Dans le mois qui suivit, je n’ai appelé aucun prospect. Je notais cependant un changement : lors de mes rencontres, de mes interventions, et finalement dans un grand nombre d’occasions, je proposais facilement des rendez-vous pour présenter mon activité de coach, mes spécificités et envisager de futures collaborations. Je me trouvais rétrospectivement assez gonflé d’avoir osé ! Et je me surprenais à rappeler ces mêmes interlocuteurs sans noter de blocage particulier.
Aujourd’hui, je n’appelle toujours pas de prospects mais j’ai mis en place une solution qui me convient davantage : profiter d’être en situation pour engager un dialogue, proposer de nouvelles perspectives et décrocher des rendez-vous. J’ai finalement adopté une autre façon de faire si bien que ces appels ne sont plus un problème pour moi. Le résultat n’est en fait pas du tout où je l’attendais. Je suis d’ailleurs très surpris de cette relative facilité à faire autrement. Par ailleurs, je n’ai aucune idée de l’origine du blocage initial : cette expérience ne m’a pas éclairé sur le pourquoi et aujourd’hui ça ne me préoccupe pas. J’ai arrêté de chercher ce qui m’empêchait de passer ces appels.
Pour le contexte relatif au départ de mon entreprise, il a lui aussi évolué. Suite à de multiples discussions, la voie s’ouvrait enfin pour adhérer à un plan de départ volontaire négocié. Début juillet, je signais ma demande et j’ai quitté mon entreprise le 31 juillet. Mais ce dénouement n’a probablement aucun lien avec cette expérience. Quoi que ?
Avec un peu de recul, je tirais des premiers apprentissages de cette expérience, non pas en tant que client mais finalement dans ma posture de coach :
- – Tout d’abord, faire confiance au client : c’est lui qui a les compétences pour effectuer les changements qui lui conviennent et dont il a besoin. Je ne pourrais jamais imaginer les solutions qu’il trouve et qu’il met lui même en place. Regarder un client en me disant : « il a les compétences de son propre changement » est l’un des premiers enseignements de cette expérimentation.
- – L’évolution du contexte est déterminante dans les changements : au delà de la tâche paradoxale elle-même, le résultat dépend aussi beaucoup du contexte et des évènements qui se produisent. Dans mon cas, la tension croissante avec mon entreprise a peut être joué un rôle dans ce déblocage.
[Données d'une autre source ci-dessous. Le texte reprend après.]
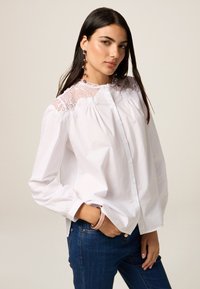 Camicia bianca con bottoni, dettagli in pizzo sulle spalle, maniche lunghe, tessuto arricciato e morbido, abbinata a pantaloni di jeans.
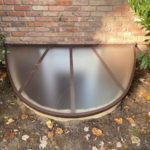 egress window well cover surrounded by fallen leaves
J’ai pris conscience de l’importance de la dynamique du temps qui s’écoule entre les séances, qui apporte des successions d’évènements qui modifient sans cesse le contexte. Ils peuvent avoir comme effet de tout reconfigurer, d’accélérer ou de ralentir le changement de notre client. Cela m’amenait m’interroger sur ma propre impatience du résultat pour mon client. Cette impatience qui ne me conduisait qu’à prendre certaines de mes croyances pour des réalités, et finalement à empêcher mon client à trouver ses propres solutions.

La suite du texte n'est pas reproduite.